Oil Gains After Falling Into Bear Market as U.S. Supply Rises


These translations are done via Google Translate

June 22, 2017

(Bloomberg) 

Oil prices recovered after falling into a bear market amid speculation rising U.S. output will blunt OPEC-led efforts to trim a global glut.

Futures climbed 0.5 percent in New York, but still traded below $43 a barrel. U.S. oil production increased to the highest since August 2015, according to a report from the Energy Information Administration. Crude and gasoline stockpiles declined last week. Brent in London closed Wednesday more than 20 percent below its January peak, also entering a bear market.

Oil in New York has retreated to a 10-month low amid concerns that rising global supply will offset production cuts from the Organization of Petroleum Exporting Countries and its partners including Russia. Reaching a consensus on further output cuts will be difficult, according to Iran’s Oil Minister Bijan Namdar Zanganeh. On Tuesday, a technical committee of OPEC and non-OPEC members is said to have discussed the increasing production in Libya and Nigeria.

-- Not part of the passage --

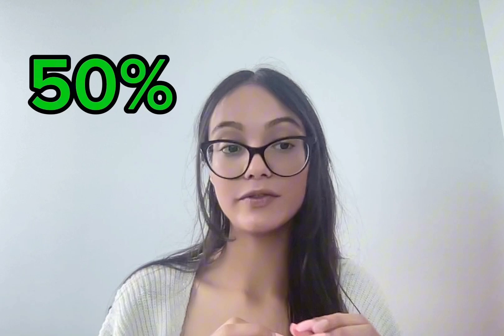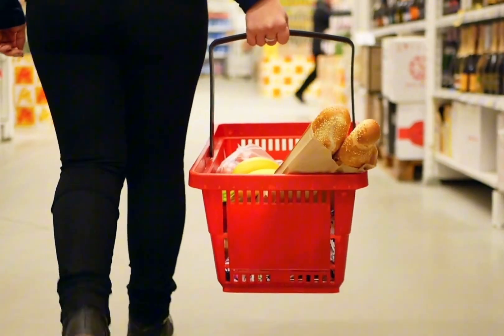Lastly, your 50% is for your needs. The remaining 50% goes towards your needs — things you must pay for like rent, utilities, groceries, and transportation. These are your essential expenses that you need on a day-to-day basis.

“The risk sentiment in general is turning a bit,” Jens Pedersen, analyst at Danske Bank A/S said. “The oil market will likely focus on where the breakeven is for U.S. shale oil producers and whether we will begin to see a drop in the rig count in response to these lower oil prices.”

West Texas Intermediate for August delivery rose 21 cents to $42.74 a barrel on the New York Mercantile Exchange at 8:18 a.m. local time. Total volume traded was about 11 percent above the 100-day average.

Fluor

Brent for August settlement was 36 cents higher at $45.18 a barrel on the London-based ICE Futures Europe exchange. Prices lost $1.20, or 2.6 percent, to $44.82 on Wednesday, the lowest close since Nov. 14. The global benchmark crude traded at a premium of $2.41 to WTI.

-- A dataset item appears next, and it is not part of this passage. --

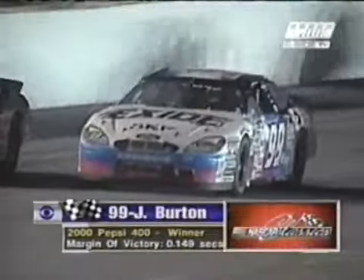He did a marvelous job of protecting his territory. Now that was a chess game — that was a chess game. He did block the racetrack, and it is his racetrack to block. When you're leading, you can do what you please. Absolutely. The NapaOnline.com margin of victory: 0.149 seconds — Jeff Burton over Dale Jarrett.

Libya is pumping the most oil in four years, an official at the National Oil Corp. said earlier this week, while in Nigeria a major export terminal restarted after a 15-month halt caused by sabotage. Kuwait’s oil minister Issam Almarzooq asked producers “to do more” to help OPEC’s agreement succeed.

U.S. oil production rose by 20,000 barrels a day last week to 9.35 million, the EIA reported Wednesday. While crude stockpiles slid by 2.45 million barrels to 509.1 million, a steeper decline than forecast in a Bloomberg survey, inventories remain about 100 million barrels above the five-year average.

Oil-market news:

The gain in U.S. output is more than OPEC expected and is contributing to the decline in crude prices, Iran’s Zanganeh said Wednesday on state radio. OPEC needs to cut a further 700,000 barrels a day to boost oil to $50 a barrel, FGE’s Fereidun Fesharaki said. Energy markets need to brace for more assertive Saudi Arabian foreign policy that could threaten regional stability in the heart of the global oil industry after Mohammed bin Salman’s appointment as crown prince.